All right, it's time to bring The Lord to the primitive heathens of Arkravia.

The Pope of the Namothic Church has blessed Empress Mertaviana of Cartagie's pledge to bring the light of civilization to the benighted heathens of the newly discovered continent of Arkravia, as well as to bring the wealth of the natives of the Far World, which they are just squandering in their heathen ways, back to the One True World.

With the end of the Great Third Crusade, which finally brought the light of Namotha to the poor uncivilized heathens of Uralagonith and displaced their corrupt and demon worshipping cult following leaders with properly pious Church blessed rulers, the nation of Cartagie has decided that the time is right to increase their presence on the continent of Arkravia and bring the light of the Church to the pagans and heathens that infest that rich and untapped land. Soldiers who fought in the Great Third Crusade, lesser sons of noblemen, church officials, and those commanded by the Empress have been given the opportunity to earn land grants, wealth, and power.
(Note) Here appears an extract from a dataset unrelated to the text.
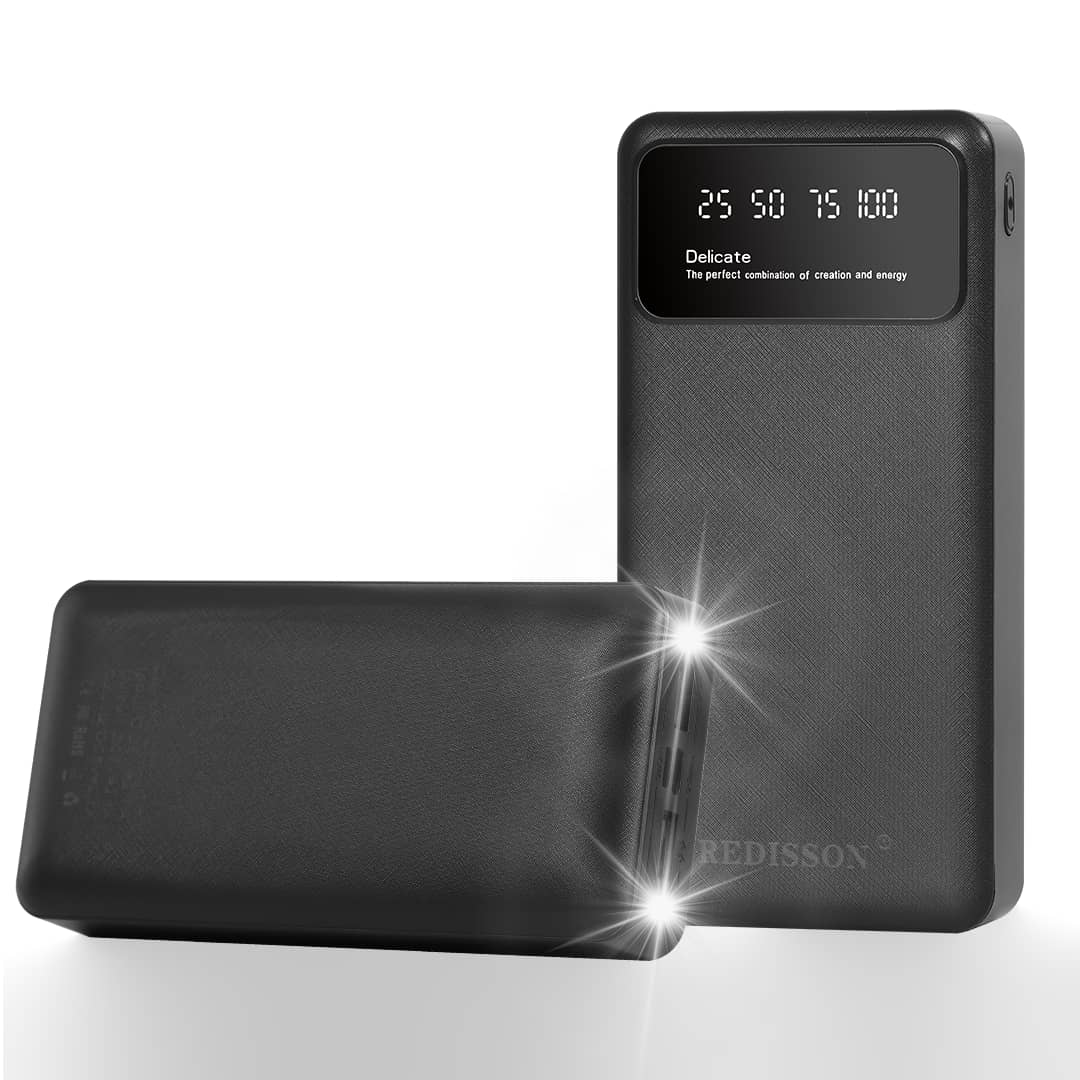 20000 mAh portable power bank featuring a digital display for remaining battery life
The Empress sent for a dozen ships of the Imperial Navy, including the dreadnaught Holy Writ of Fire, to escort the nine ships of the colonization effort. Three of the naval vessels were supply ships, two ships of marines, and the rest to protect the fleet as well as follow the maps obtained from lawless pirates in order to find a suitable landing spot for Cartagie's first colony outpost. The nine colonization ships included six ships of slaves and serfs taken in the Third Great Crusade, although a storm sunk two and the discovery of a vile cult of demon worshippers who had sold their souls to Orcus resulted in another filled with the cultists and set afire to ensure that the depravity and heresy of the cultists did not flourish amidst the ignorant Lagoos.
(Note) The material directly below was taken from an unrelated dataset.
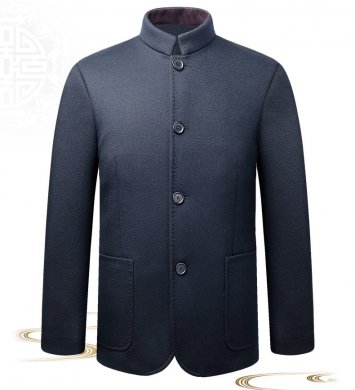 福連文苑外套民國男裝，羊毛呢唐裝中老年中山裝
The Imperial Navy led the colonists and nobles to the Far World, following pirate ships that had preyed upon the troopships and supply ships of the Great Crusades, crushed the pirate forces, and ensured that Cartagie citizens will be safe with a place to live in what was formerly Threbella, now named Vertenaik in honor of the Blessed Empress's now deceased husband. Once the city had been secured, the Imperial Admiral sent word that the colonists could make landfall from where he had installed himself in the palace. However, once the pious servants of the church made landfall they discovered that the Admiral had fallen into sin and had no choice but to burn him at the stake to purify his soul, as well as seize the palace in order to consecrate it to the Namothic Church, as well is install a proper church garrison to be sure that no-one else fall prey to the temptation of sin.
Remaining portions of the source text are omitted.